Coffee liqueur’s journey from bean to bottle
Coffee liqueur’s journey from bean to bottle

At one of New Delhi’s latest bars, Barbet & Pals, co-founder and mixologist Jeet Rana is shaking an espresso martini into being. It arrives cool, frothy, faintly bitter, and caffeinated.

A few buildings away, at Sidecar, a bar known as much for its many accolades as for its cocktails, ‘Kaapi Time’ is a signature. Across town, at its sister bar in Gurugram—The Brook—it is the rum espresso martini with a double shot of espresso, that’s frequently ordered.

Coffee, once a morning ritual, has found a new hour.

And thanks to that, coffee liqueur is stepping into the spotlight. It’s slow but steady arrival is shaped as much by India’s evolving café culture as by a growing appetite for premium, flavour-led drinking.

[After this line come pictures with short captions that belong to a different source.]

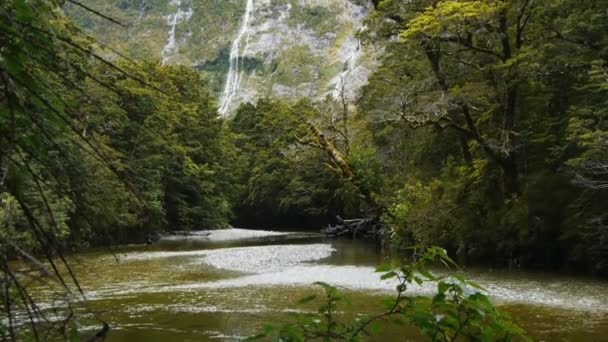 Clinton rzeki z Hirere Falls — Wideo stockowe
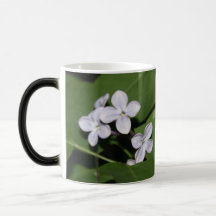 Lilac Flowers Enjoy Life Mug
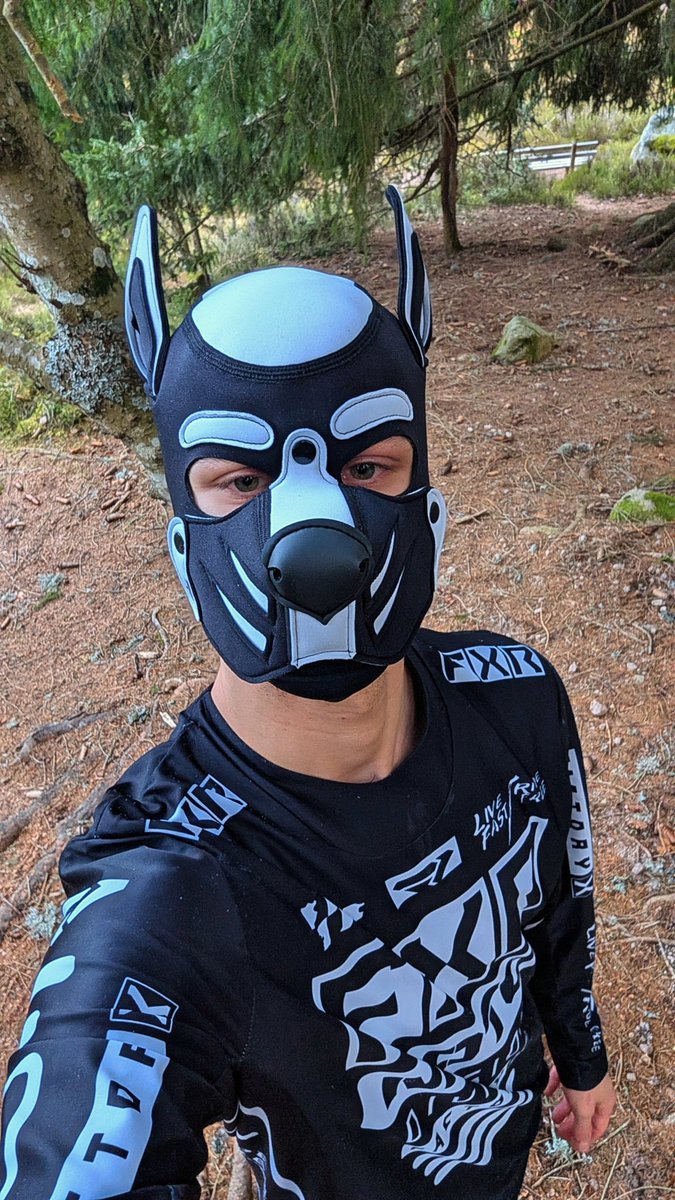 mxgearpup-leon tweet media
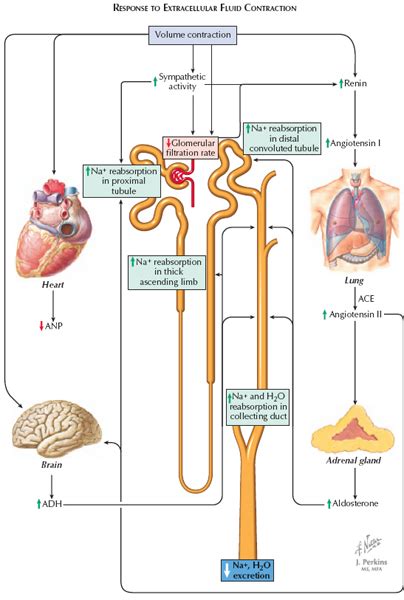 Renal Handling Of Sodium And Chloride Response To Extracellular Fluid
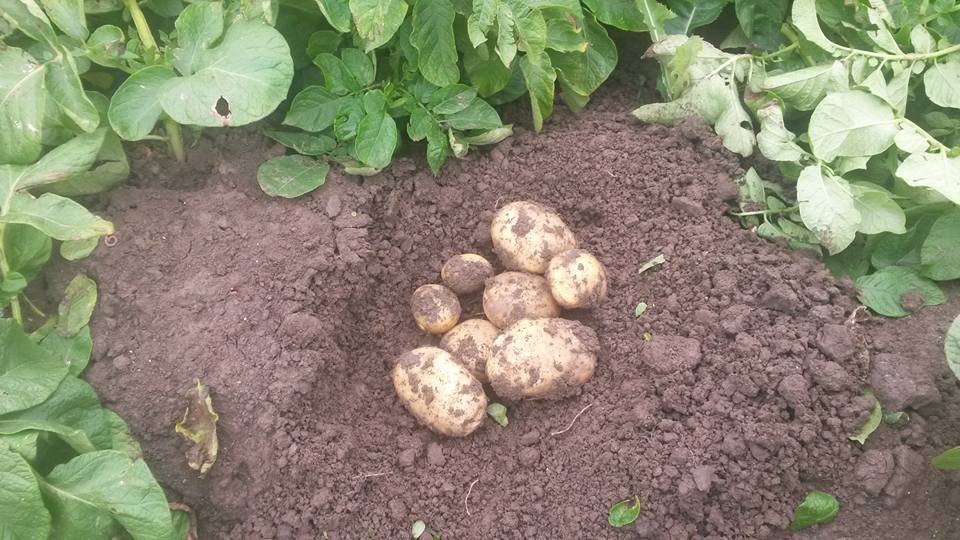UPDATE: groei aardappelen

“Coffee liqueur has started feeling a lot more relevant in India,” says Samarth Prasad, Co-founder of Himmaleh Spirits that launched Bandarful coffee liqueur in January 2024. “People today are moving towards more premium, experience-led drinking,” adds Ansh Khanna, the brand’s other co-founder. The shift they describe is visible not only in what is poured, but in how it is appreciated. Things like where the beans come from, how they are processed, etc., now matter as much as the flavour profile.

COFFEE CULTURE

Over the past decade, India’s relationship with the coffee bean has deepened. Single-origin labels, cold brews, and home-grown cafés have introduced a generation of drinkers to varied flavour profiles and nuance. And coffee liqueur is an extension of that. “It doesn’t feel foreign; it feels like an extension of what people already enjoy,” says Rana. Adds Vikram Damodaran, Chief Innovation Officer, Diageo India, “There is a natural familiarity with coffee in India, which makes coffee liqueur an easier entry point compared to many other flavours. That familiarity lowers the barrier to trial in a category that is still evolving.”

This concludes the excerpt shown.